Just for sheer stupidity he should resign. Also he made absurd claims that this was caused by the need to respond quickly, even instantaneously. Why? To avoid being criticized by Glenn Beck?
DuBois, Robert Williams, Thurgood Marshall....a great tradition. What a shame.
I wish there was a solution that completely changed the structure. Or hell, I even feel like if the NAACP President took the lead, that others would follow. Maybe you should run for NAACP President, you most definitely have the credentials.
http://www.blackcommentator.com/314/314_5th_col_return_mulatto.html
Ben Jealous committed the same error that you have committed in the past, that error is jumping to certain conclusions without knowing all the facts.
You jumped to the conclusion that by my being a Confederate that I somehow must be a racist.
I think Dr Farley, that you are a little over sensitive when it comes to race. Some of what you have experienced I think you may have brought on yourself. I'm not advocating that you run from a fight, or a just cause, but if a white man cuts you off in traffic, it may just be that it was an accident, and not because you are black.
Their error was to react before doing their due diligence. They were as manipulated as Ms. Sherrod.
If not for the NAACP, the dialog would still be the "reverse racism" and a woman's reputation would still be in tatters.
If you are going to label the NAACP as feckless, what do you label this president who is terrified of the Right and has yet to stand up to them?
And Obama is as disgusting and cowardly as Jealous.

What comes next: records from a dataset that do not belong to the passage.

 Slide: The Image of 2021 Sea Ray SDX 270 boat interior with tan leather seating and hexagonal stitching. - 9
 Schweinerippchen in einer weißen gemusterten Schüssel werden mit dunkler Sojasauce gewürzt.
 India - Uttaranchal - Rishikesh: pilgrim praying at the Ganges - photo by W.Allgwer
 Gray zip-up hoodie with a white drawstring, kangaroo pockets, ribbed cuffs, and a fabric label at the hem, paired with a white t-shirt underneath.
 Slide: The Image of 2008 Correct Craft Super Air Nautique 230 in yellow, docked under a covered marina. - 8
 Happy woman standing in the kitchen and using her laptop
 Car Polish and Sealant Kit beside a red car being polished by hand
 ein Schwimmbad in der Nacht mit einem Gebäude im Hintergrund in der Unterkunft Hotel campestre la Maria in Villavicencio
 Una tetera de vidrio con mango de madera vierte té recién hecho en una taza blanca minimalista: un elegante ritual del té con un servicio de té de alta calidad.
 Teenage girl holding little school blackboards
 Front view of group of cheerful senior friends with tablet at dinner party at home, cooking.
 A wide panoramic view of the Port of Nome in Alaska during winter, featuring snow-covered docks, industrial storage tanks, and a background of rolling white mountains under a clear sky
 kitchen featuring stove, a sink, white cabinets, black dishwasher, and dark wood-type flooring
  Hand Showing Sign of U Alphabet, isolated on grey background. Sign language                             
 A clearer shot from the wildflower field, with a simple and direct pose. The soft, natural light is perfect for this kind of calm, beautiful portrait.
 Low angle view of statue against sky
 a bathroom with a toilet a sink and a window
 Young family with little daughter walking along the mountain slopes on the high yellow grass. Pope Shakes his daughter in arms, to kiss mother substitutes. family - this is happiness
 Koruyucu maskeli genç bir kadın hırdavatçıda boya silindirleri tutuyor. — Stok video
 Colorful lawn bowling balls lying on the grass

I do disagree that the NAACP needs to disband though. They need to find their way in these times and not be afraid to stare racism down in the face especially since they have facts on their side. Why back down from the tea party racism comments when we have numerous photos with obviously racist signs? Why back down when the NY times poll shows that only 1 percent of the movement is African American while an overwhelming 89 percent is white? Where is the NAACP in calling for the black farmers in Pigford V. Vilsack in getting their settlement money?
They have come a long way from the times of their founding, and they need to be more forceful. A job still needs to be done by them and they aren't doing it currently.